A South Sudanese veteran journalist, Alfred Taban, has declined President Salva Kiir’s appointment to the National Dialogue Committee amid media crackdown.
Mr. Taban, who is the Editor-In-Chief of the Juba Monitor, a daily newspaper, said he wanted no part in the steering team, unless the president sets free journalists in prison and stops aggression against Press freedom.
“Yes, he (Kiir) appointed me to be a member of the Dialogue Committee but I told him to release journalist George Olivio, then I will accept the appointment,” Mr Taban told reporters when asked about the posting.
Mr. Olivio, who worked for UN-run Radio Miraya, was arrested by South Sudan’s intelligence unit in 2014 but the government is yet to give reasons for his capture.
President Kiir last week announced he would release all political prisoners when he formally launched the National Dialogue. However, observers have expressed some scepticism.

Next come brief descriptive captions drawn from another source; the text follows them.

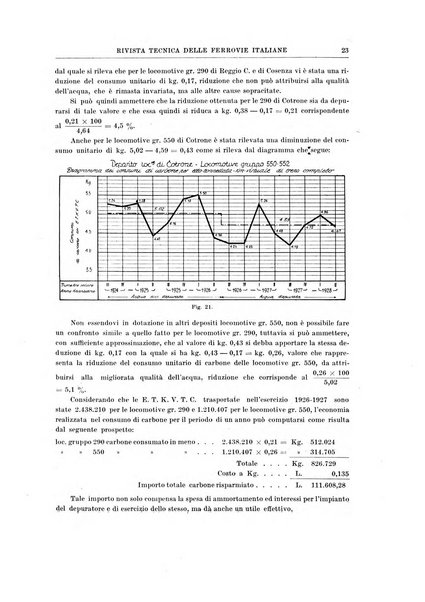 Rivista tecnica delle ferrovie italiane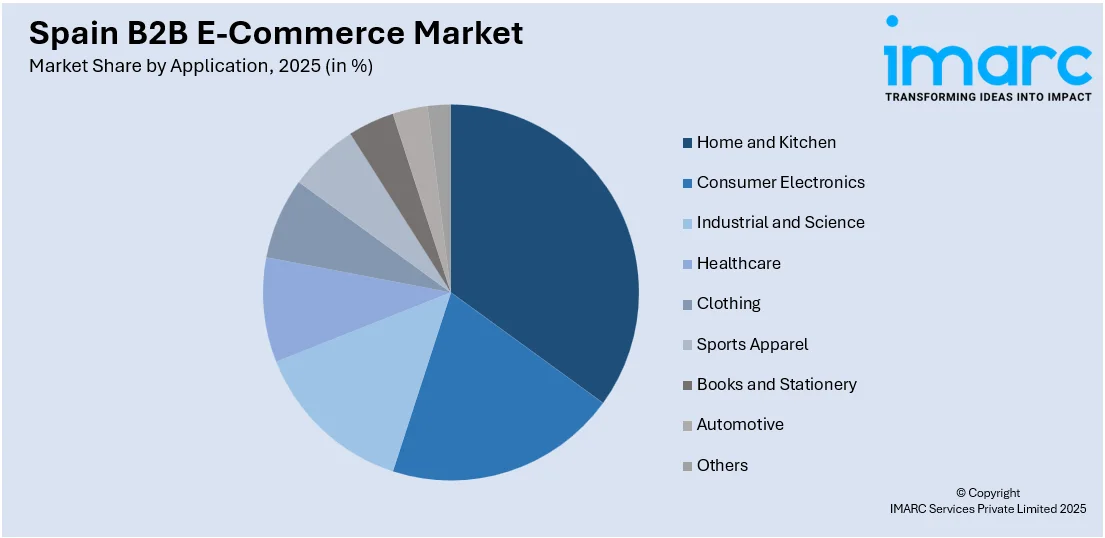 Spain B2B E-Commerce Market By Application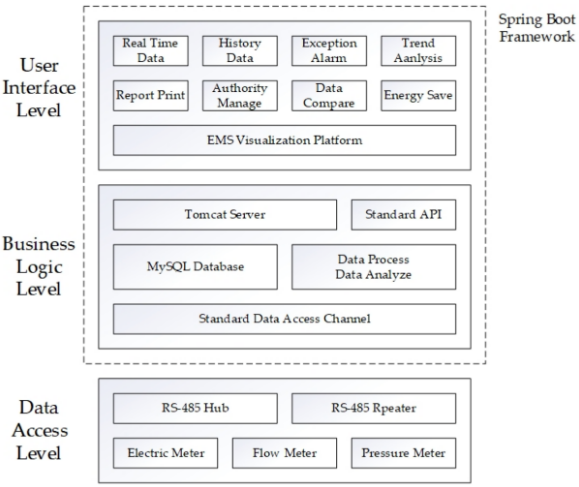 InformationMDPI's tweet image. Read #HighlyAccessedArticle "Design and Implementation of Energy Management System Based on Spring Boot Framework" from Mr. Fang Zhang, Prof. Dr. Guiling Sun and etc.
See more details at:
mdpi.com/2078-2489/12/1…
#SpringBootFramework
#HybridTopology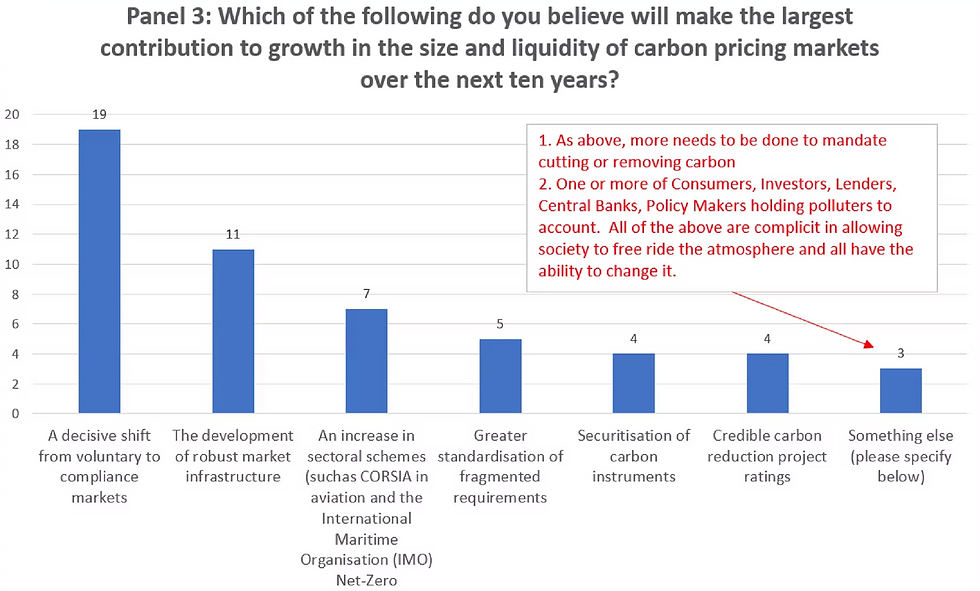Blue bar chart titled Panel 3 on carbon pricing growth, with highest bar for shift from voluntary to compliance markets and a red callout note.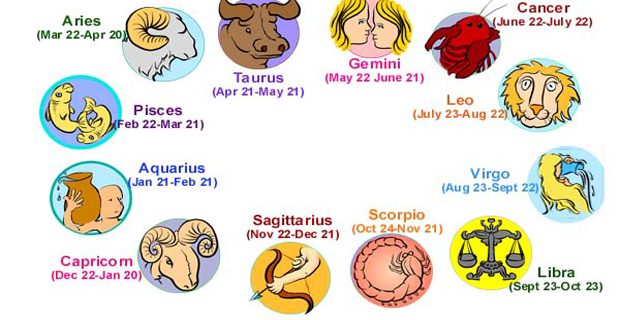 horoskopski-znaci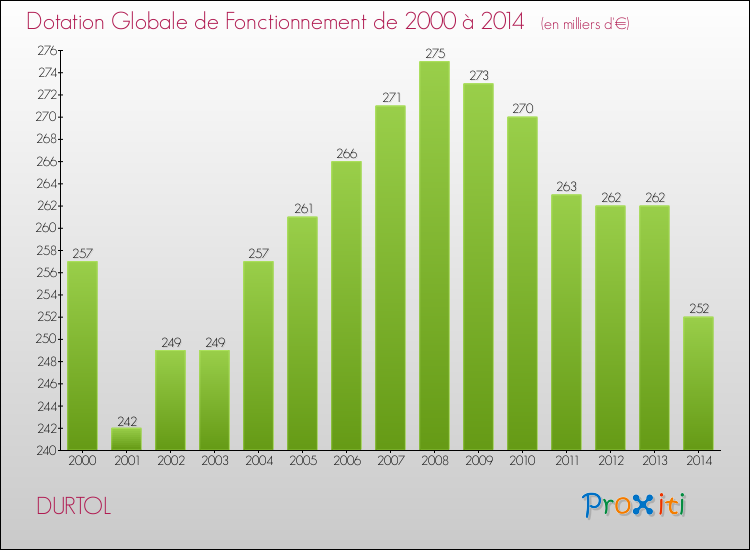 Evolution du montant de la Dotation Globale de Fonctionnement pour la commune de DURTOL de 2000 à 2014 Evolution du montant de la Dotation Globale de Fonctionnement pour DURTOL de 2000 à 2014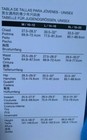 Afbeelding 3 van 3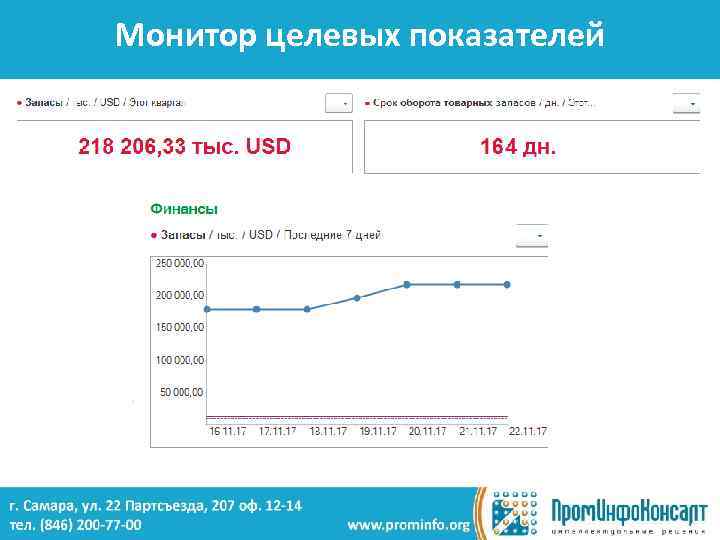 Монитор целевых показателей 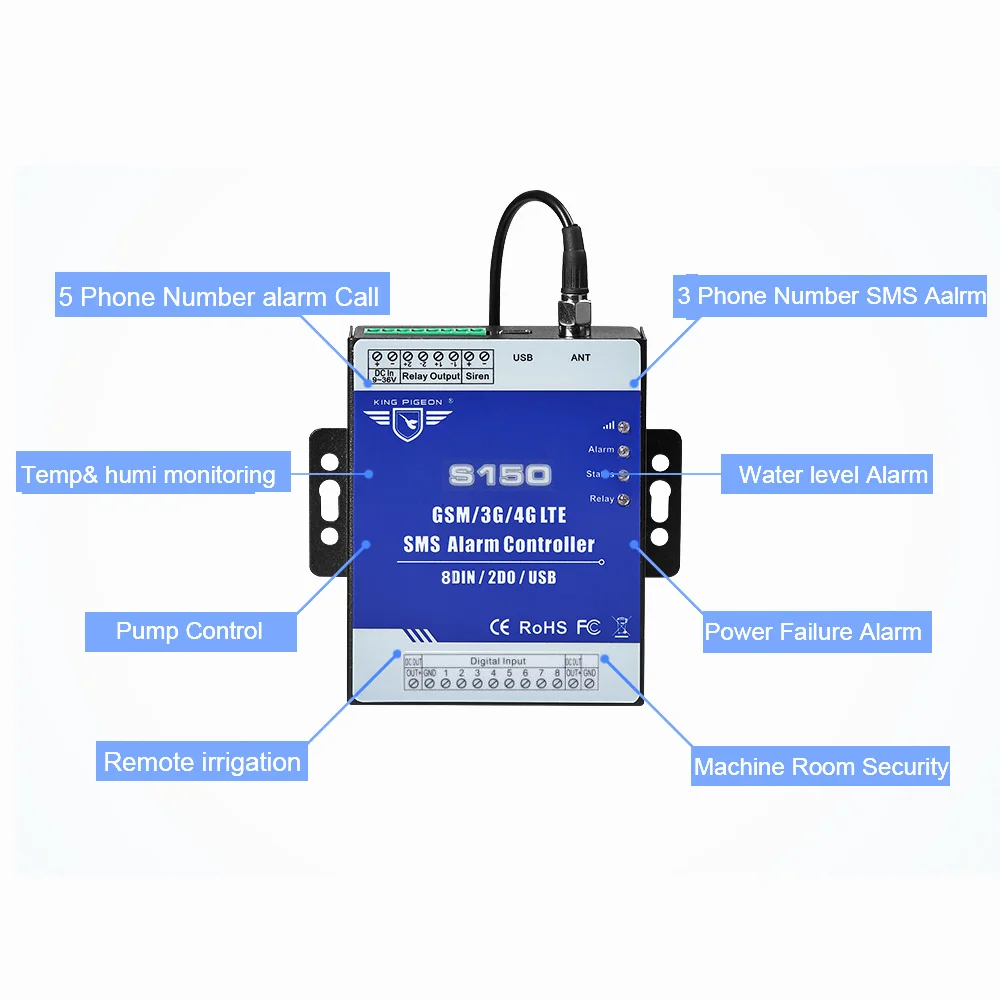 S150 RTU SMS телеметрическая GSM охранная сигнализация дистанционное управление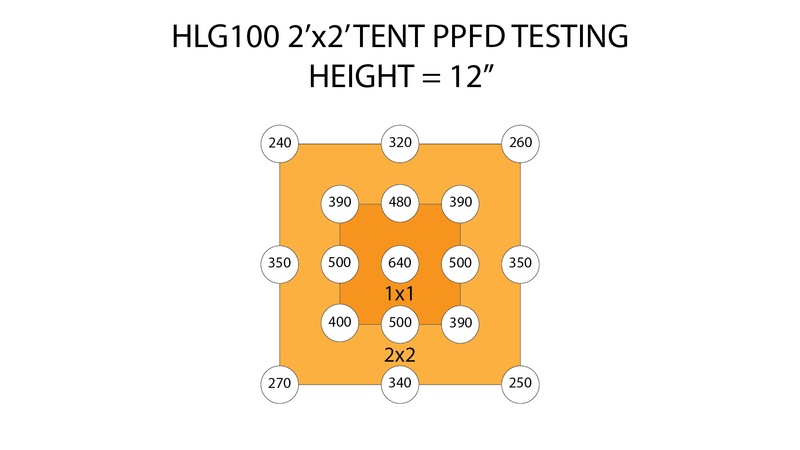 HLG 100 v2 LED Grow Light 224ppf Output 95w - Horticulture Lighting Group - Happy Hydro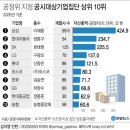 이율 세무회계 | 四字成語 총정리 <ㄱ> 624 공습부대~공식기록원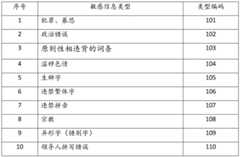 Figure BDA0002137942030000031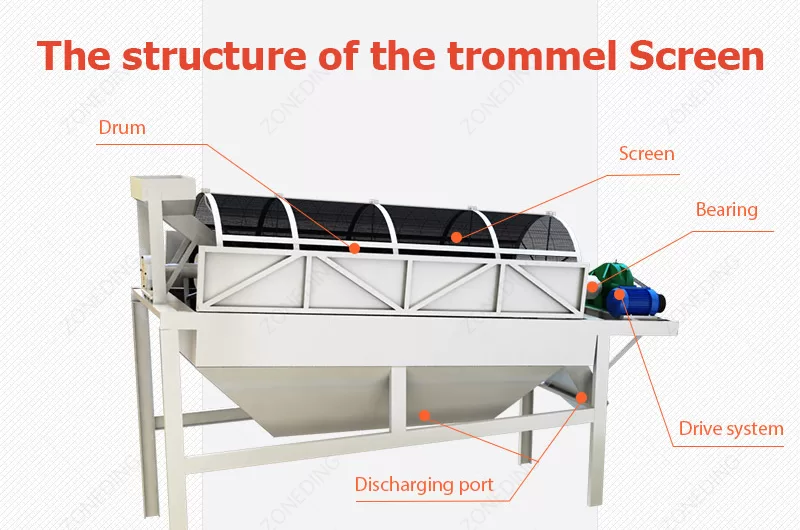 Tumbler Screen Structure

Mr. Taban said he would be delighted if President Kiir put his word into action.
The South Sudanese government has been put on the spot over increased executions of journalists since the start of the war in 2013.
About a dozen journalists have died in the line of duty since the country seceded from Sudan in 2011. Many others have been forced into exile for critical reporting.
South Sudan is ranked among the most deadly countries to practice journalism by the Committee to Protect Journalists (CPJ).